== Provided entries ==
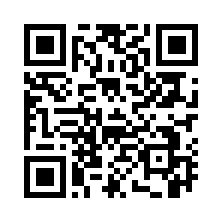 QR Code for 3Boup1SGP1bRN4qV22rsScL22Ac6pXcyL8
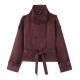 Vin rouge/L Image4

* * *

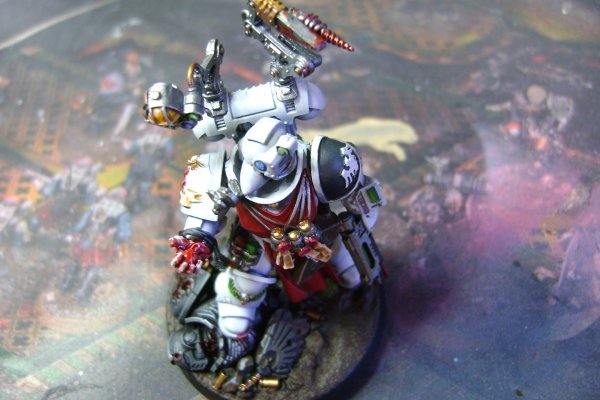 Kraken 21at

* * *

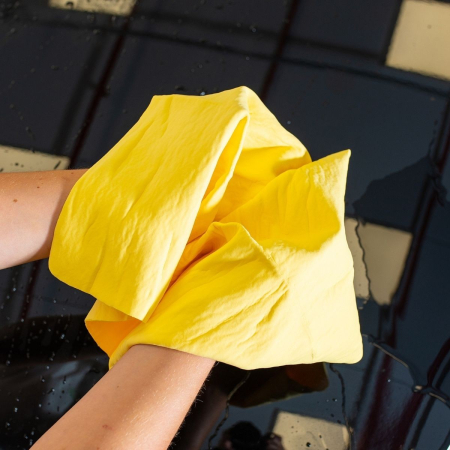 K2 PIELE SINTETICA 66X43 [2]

== Task to complete ==
Looking at the listing above, which lines run from the one containing "QR Code for" through the one containing "Vin rouge/L Image4"? Print exactly those, ends included, pictures excluded.

== Response for this exercise ==
 QR Code for 3Boup1SGP1bRN4qV22rsScL22Ac6pXcyL8
 Vin rouge/L Image4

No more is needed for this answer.